Shadrak cursed and brushed ice from his beard and hair.

“Ah, the crisp air of winter!” Nameless declaimed.

Whistling a jaunty tune, he climbed up through the opening like a child sensing the prospect of snowballs.

***

Snow-dusted pines shone silver in the light of the waning moon—just the one moon, not the three of Aethir. It looked odd and alien to Shadrak after so long away.

He shifted the rifle on his back for the thousandth time, touched both his pistols, and the thundershot wedged in the back of his belt. Did the same with his blades, every contact assuaging some unspoken, irrational fear that bad shit would happen if he didn’t check they were all there.

The forest dropped down toward a dark artery that oozed along the valley floor. To the west, clusters of ghostly lights cut through the mist like a warning. Beyond them, a jagged tower jutted above night-blackened walls with battlements like teeth. Atop its turret, a flag shimmered argent in the moon’s glow.

Shadrak rummaged about in his bottomless bag and pulled out the goggles with the pliant strap. Fixing them in place, he focused on the lights of the settlement.

The darkness brightened to a soft green tint, and he could now see squat houses as if he were up close to them. They were arrayed about a domed structure in perfect circles, each with a hanging lantern marking the entrance. Broad concourses divided the dwellings like the spokes of an enormous wheel, every avenue leading to hub that was the dome.

Raising his eyes to the castle, Shadrak could see hazy red figures passing between the merlons, ascending and descending the steps coiling around the tower.

The flag came into sharp focus next, its frayed and stained fabric bearing the emblem of a cross.
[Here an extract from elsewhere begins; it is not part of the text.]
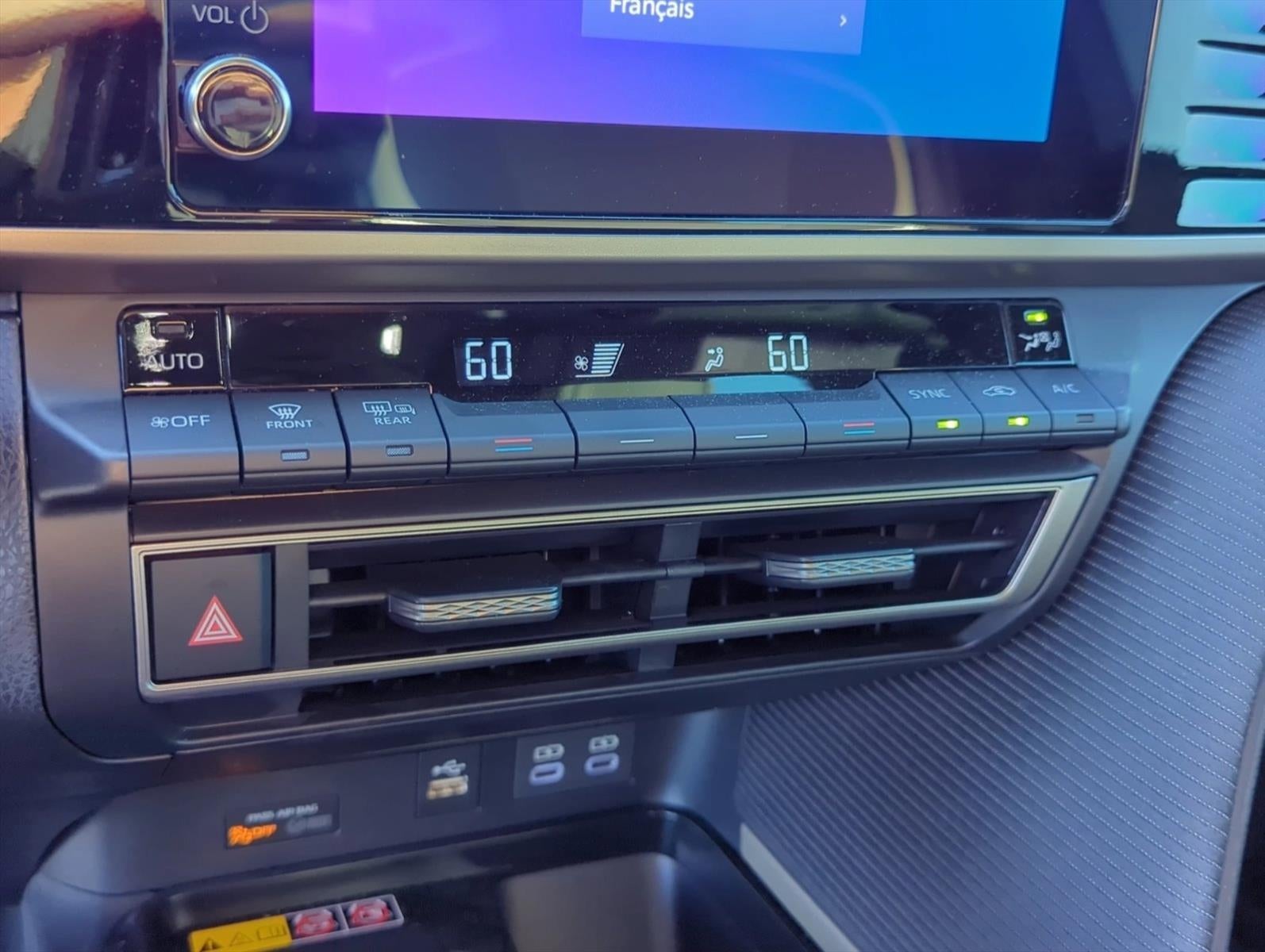 2025 Toyota Camry SE (SE)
He lowered his gaze to the rocky plinth at the base of the curtain walls. There were scores of spikes thrust into the ground, sacks or rags hanging from them like an army of scarecrows.

“Place puts a creep in my crotch, laddie,” Nameless said, breath misting through the eye-slit of the great helm. “What can you see?”

Shadrak lifted the goggles and left them pressing against his hair. “Wolfmalen.” He pointed at the town, which had reverted to pinpricks of brightness against the still black of night.

“In the heart of Verusia’s Schwarzwald,” Ludo said, squinting into the distance, arms hugging his chest. His lips had the faintest tinge of blue, and the moonlight etched his face with deep crevasses and pools of shadow.